**About this exercise**
In the material below, the lines from the one containing "2017 HONDA CIVIC" through the one containing "Elegantie in de avond Outfit 28116" are to be given again exactly, ends included, and no others.

**Materials provided**
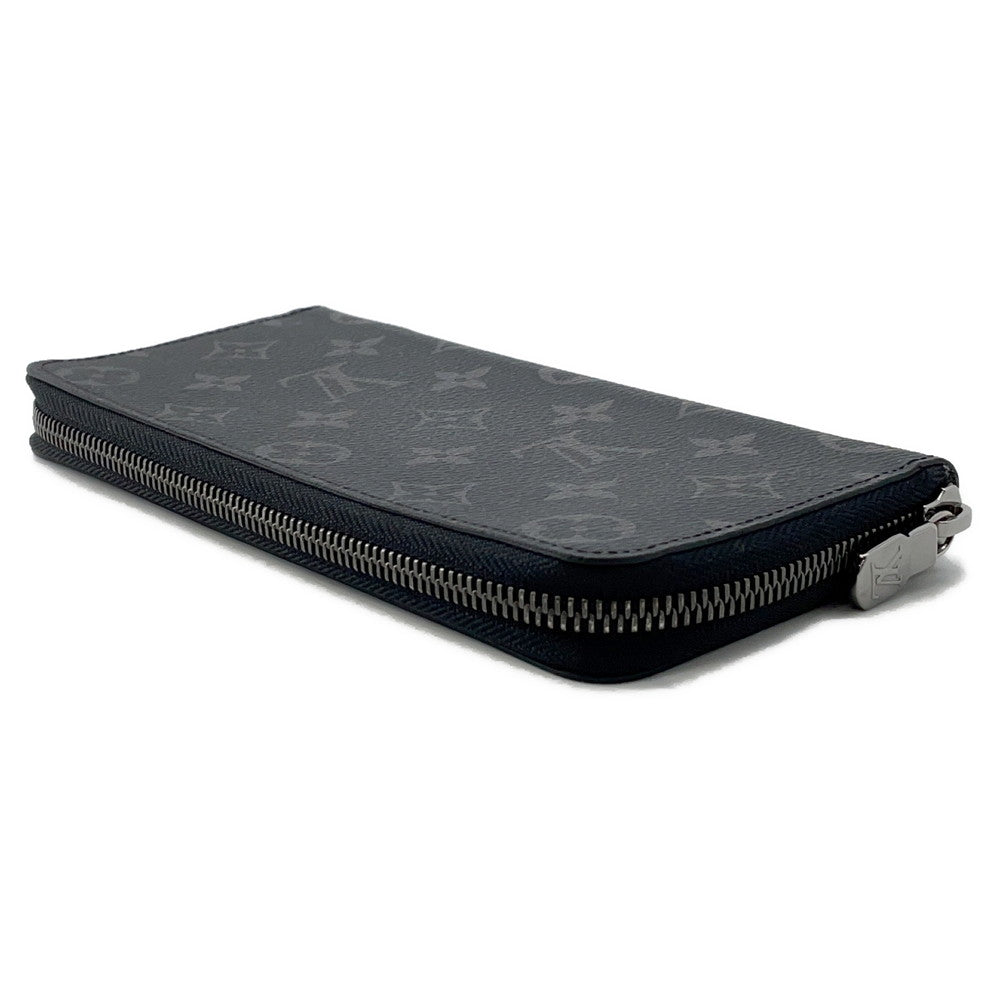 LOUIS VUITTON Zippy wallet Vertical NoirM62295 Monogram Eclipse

---

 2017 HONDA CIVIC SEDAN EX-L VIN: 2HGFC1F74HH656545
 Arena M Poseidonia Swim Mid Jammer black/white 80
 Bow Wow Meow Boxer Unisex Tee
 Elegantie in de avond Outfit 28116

**Written solution**
 2017 HONDA CIVIC SEDAN EX-L VIN: 2HGFC1F74HH656545
 Arena M Poseidonia Swim Mid Jammer black/white 80
 Bow Wow Meow Boxer Unisex Tee
 Elegantie in de avond Outfit 28116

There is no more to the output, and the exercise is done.